Emerging consumer markets like the United Arab Emirates, China and Russia are taking center stage when it comes to luxury brands consumption compared to more stable and mature markets like the U.S., Japan and EU markets.
According to the fourth annual Global Powers of Luxury Goods report issued by Deloitte Global, 70% of consumers in emerging markets have increased their spending on luxury brands’ shopping, while only 53% of consumers in the mature markets did the same during the period covering the last five years.
“The market in the Middle East continues to represent a big opportunity for luxury brands: luxury markets in Abu Dhabi and Dubai have helped to promote these cities as desirable shopping destinations. Well established big-name brands have performed well in the region, and tourism is a major driver of sales in Dubai. However, the market saw a significant slowdown in 2016, caused by the low oil prices, higher gold prices and an increase in the cost of living,” said James Babb, Clients and Industries leader, Deloitte, Middle East.
“The region is likely to feel the impact of political unrest as well as global economic uncertainty, but further growth is nevertheless expected as Dubai and Abu Dhabi continue to be attractive shopping destinations,” he added.
According to Babb, almost half of luxury purchases in the region are made by consumers who are travelling, either in a foreign market (31%) or while at the airport (16%).
This rises to 60% percent among consumers from emerging markets, who typically do not have access to the same range of products and brands that can be found in more mature markets.
“Travel and tourism is still a great growth opportunity for the luxury sector,” Babb concluded.
The report examines and lists the 100 largest luxury goods companies globally, based on publicly available data for consolidated sales of luxury goods in FY2015 (which are defined by Deloitte as the financial years ending within the 12 months to 30 June 2016).

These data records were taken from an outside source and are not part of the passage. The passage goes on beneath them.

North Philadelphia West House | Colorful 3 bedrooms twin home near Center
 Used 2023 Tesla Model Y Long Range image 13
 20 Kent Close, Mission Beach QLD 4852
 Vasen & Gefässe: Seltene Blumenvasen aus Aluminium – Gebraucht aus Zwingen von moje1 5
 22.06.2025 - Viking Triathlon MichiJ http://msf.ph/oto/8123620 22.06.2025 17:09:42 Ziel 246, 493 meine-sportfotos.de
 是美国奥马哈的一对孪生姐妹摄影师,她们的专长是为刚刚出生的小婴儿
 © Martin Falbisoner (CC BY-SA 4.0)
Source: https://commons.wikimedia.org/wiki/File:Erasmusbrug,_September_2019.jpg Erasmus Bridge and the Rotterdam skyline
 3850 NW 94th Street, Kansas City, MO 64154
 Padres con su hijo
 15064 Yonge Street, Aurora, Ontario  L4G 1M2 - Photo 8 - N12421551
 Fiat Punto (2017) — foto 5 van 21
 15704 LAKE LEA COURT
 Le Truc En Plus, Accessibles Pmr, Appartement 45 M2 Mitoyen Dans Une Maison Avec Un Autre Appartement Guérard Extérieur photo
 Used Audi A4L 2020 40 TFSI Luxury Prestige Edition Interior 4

Among the report’s other key findings, the world’s 100 largest luxury goods companies grew by more than 3%, benefiniting from the weakening of most international currencies against the US Dollar.
In the top 100 companies, only six reported sales decline in FY2015.
Italy remains to be the leading country when it comes to number of luxury goods companies with 26 followed by France.
The Global Powers of Luxury Goods report identifies the world’s top 100 largest luxury goods companies based on publicly available data and analyzes them from multiple perspectives. It also examines industry trends and global economic conditions.
For the “New luxury consumer” section of the report, Deloitte Global surveyed over 1,300 consumers in 11 countries (China, France, Germany, Italy, Japan, Russia, Spain, Switzerland, UAE, UK and US) to explore their attitudes to luxury goods and their purchase behavior.